Department of Chemical & Biomolecular Engineering and the Particulate Fluids Processing Centre, The University of Melbourne

Atomic Force Microscopy: Routine applications to complex methods for materials characterisation

Atomic Force Microscopy (AFM), invented by the same group that received the Nobel Prize for the invention of the scanning tunnelling microscope, was originally developed as a tool to obtain 3-D topography information on the nano-scale for insulating surfaces. Since its invention thirty years ago, the number of application and uses of AFM has enabled an explosion in the amount of research focused on the visualization of materials at the nano-scale. The extension of the use of AFM to imaging under liquid, atomic scale resolution imaging, conductive AFM, nano-mechanical property mapping and measurement and force spectroscopy methods have driven the uptake and evolution of these methods in a range of fields around material science, soft matter and self assembled systems, polymer physics, biology focusing on biomolecules and living cells, energy materials, semiconductor processing, 2D materials and manymore.

Many have expected AFM measurements to become as routine as using a toaster, and this talk will give an overview of the types of capabilities that are often routine in the lab with some of the possible pitfalls for users in analysis. In addition, many applications that use AFM are still more attune to playing a violin, where atomic resolution imaging, some biological applications, sophisticated nano-mechanical methods and a force spectroscopy methods often vary from routine measurements to quite advanced techniques that can require a great deal of expertise. This talk will highlight a number of these methods, some with more detail based on specific research examples in measuring cell stiffness, material property mapping of complex surfaces, compression of micro-capsules, single molecule unfolding, and force spectroscopy between drops and bubbles.

Bio: Professor Ray Dagastine is the initiative chair of the Materials Research Hallmark Initiative at The University of Melbourne and is the academic leader of a the Materials Characterisation and Fabrication Platform.

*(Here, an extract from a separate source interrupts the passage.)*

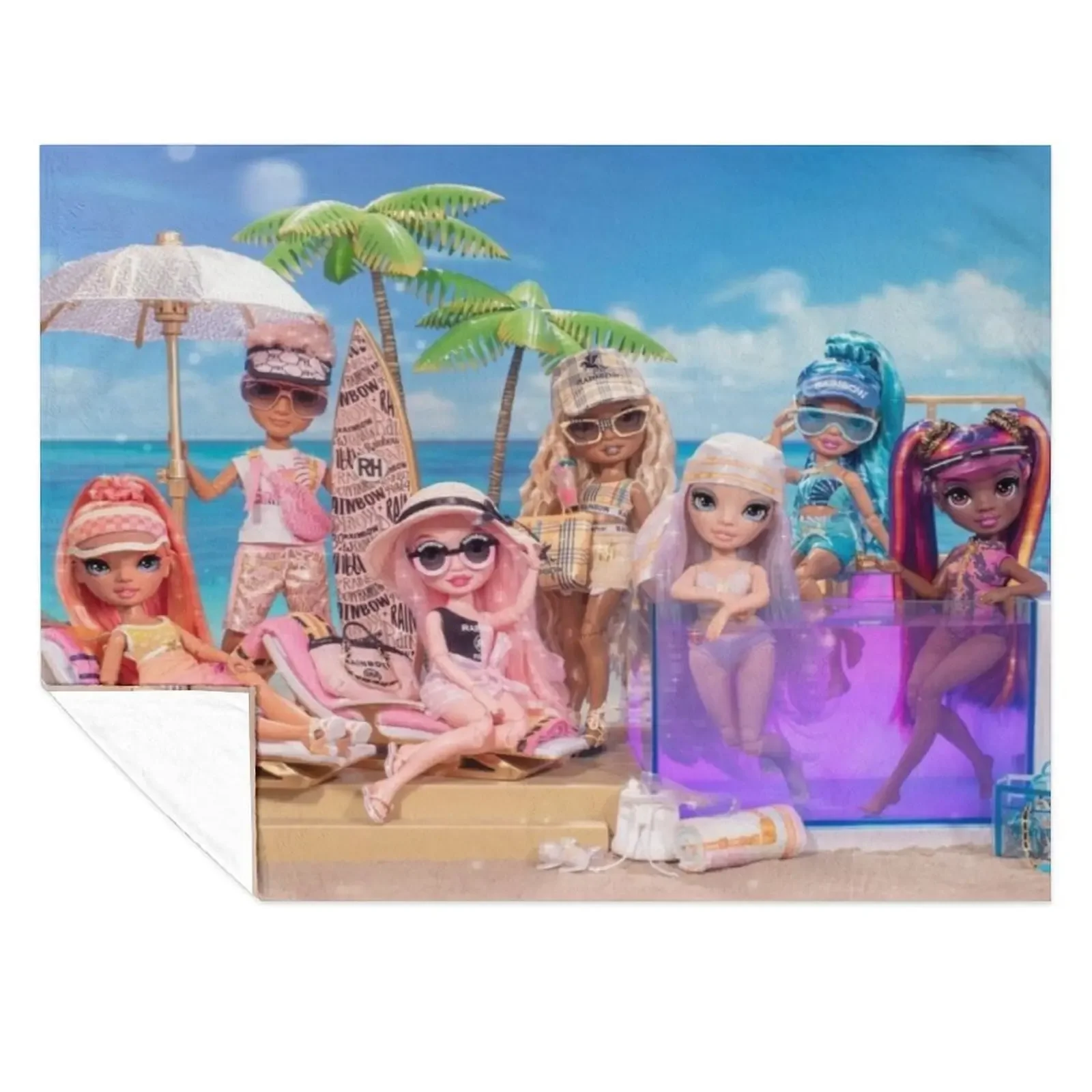 

Rainbow High Pacific Coast line Throw Blanket for babies Summer Decoratives For Sofa Thin Blankets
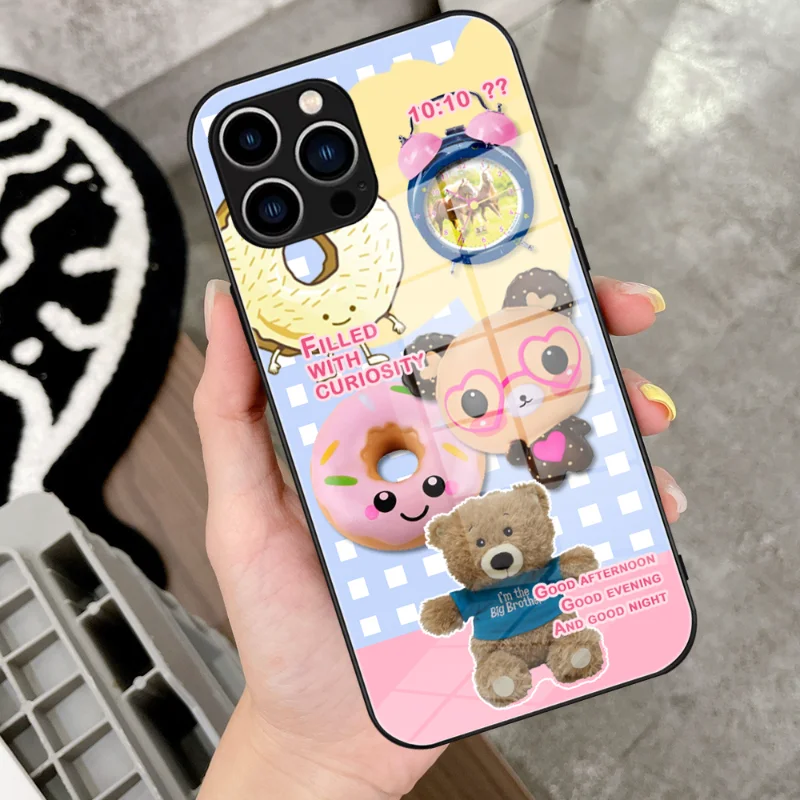 

Breakfast Bear Donuts Clock Phone Case for Iphone 14 13 13PRO 12promax 11 11promax XS XSMax XR 8Plus Beruang Lucu untuk Shell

His research interests are in the area of particulate and droplet interfacial phenomena, emulsion stability and deformable surfaces. He is a leading researcher in developing experimental methods and theoretical analytical tools to study interaction forces between deformable liquid-liquid interfaces using both optical techniques and atomic force microscopy. He also has research interests in structure in complex fluids, non-equilibrium surface forces, and protein interactions and nanomechanical properties of capsules and micro-particles.

Dr. Lauren Hyde

Materials Characterisation and Fabrication Platform, The University of Melbourne

2D materials characterisation capabilities at The University of Melbourne

The Materials Characterisation and Fabrication Platform (MCFP) supports materials research through advanced instrumentation, analysis and characterisation. The platform facilitates access to a range of complementary technologies, focusing on atomic force microscopy, super-resolution microscopy, nanofabrication, mass cytometry and X-ray diffractionComprised of 4 nodes; Nanomaterials Characterisation, Advanced Fluorescence Imaging, X-Ray Diffraction and Nanofabricaiton, our team of dedicated technical specialists can provide training, advice on experiment design, as well as fee-for service measurements and analysis.

The MCFP welcomes all users across the scientific community, from universities and research institutes to industry. This talk will highlight the many MCFP operated materials characterisation capabilities available to researchers, with a particular emphasis on how they can be applied to characterise 2D materials.

Bio: Dr.Lauren Hyde is the Platform Manager of the Materials Characterisation and Fabrication Platform at the University of Melbourne. Lauren has a background in nanotechnology and a PhD in biomaterials science. Previously, she has managed the Vibrational Spectroscopy facility at the University of Sydney and was a beamline scientist on the infrared microspectroscopy beamline at the Australian Synchrotron.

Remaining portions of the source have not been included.